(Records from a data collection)
=== Section Start ===
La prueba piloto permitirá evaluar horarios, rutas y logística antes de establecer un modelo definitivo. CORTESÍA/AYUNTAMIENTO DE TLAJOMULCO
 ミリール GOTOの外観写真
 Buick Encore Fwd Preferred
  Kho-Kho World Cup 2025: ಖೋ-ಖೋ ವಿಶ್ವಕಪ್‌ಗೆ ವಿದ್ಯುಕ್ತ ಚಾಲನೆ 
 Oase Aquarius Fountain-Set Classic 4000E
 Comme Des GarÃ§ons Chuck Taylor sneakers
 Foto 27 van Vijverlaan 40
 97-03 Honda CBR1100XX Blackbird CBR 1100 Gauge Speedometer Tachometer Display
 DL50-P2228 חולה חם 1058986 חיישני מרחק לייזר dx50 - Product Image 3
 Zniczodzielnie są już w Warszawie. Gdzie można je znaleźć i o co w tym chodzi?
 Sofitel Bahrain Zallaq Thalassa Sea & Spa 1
=== Section End ===
## Aim of the task
The entries are to be transcribed exactly, each line in full.

## Finished task
La prueba piloto permitirá evaluar horarios, rutas y logística antes de establecer un modelo definitivo. CORTESÍA/AYUNTAMIENTO DE TLAJOMULCO
 ミリール GOTOの外観写真
 Buick Encore Fwd Preferred
  Kho-Kho World Cup 2025: ಖೋ-ಖೋ ವಿಶ್ವಕಪ್‌ಗೆ ವಿದ್ಯುಕ್ತ ಚಾಲನೆ 
 Oase Aquarius Fountain-Set Classic 4000E
 Comme Des GarÃ§ons Chuck Taylor sneakers
 Foto 27 van Vijverlaan 40
 97-03 Honda CBR1100XX Blackbird CBR 1100 Gauge Speedometer Tachometer Display
 DL50-P2228 חולה חם 1058986 חיישני מרחק לייזר dx50 - Product Image 3
 Zniczodzielnie są już w Warszawie. Gdzie można je znaleźć i o co w tym chodzi?
 Sofitel Bahrain Zallaq Thalassa Sea & Spa 1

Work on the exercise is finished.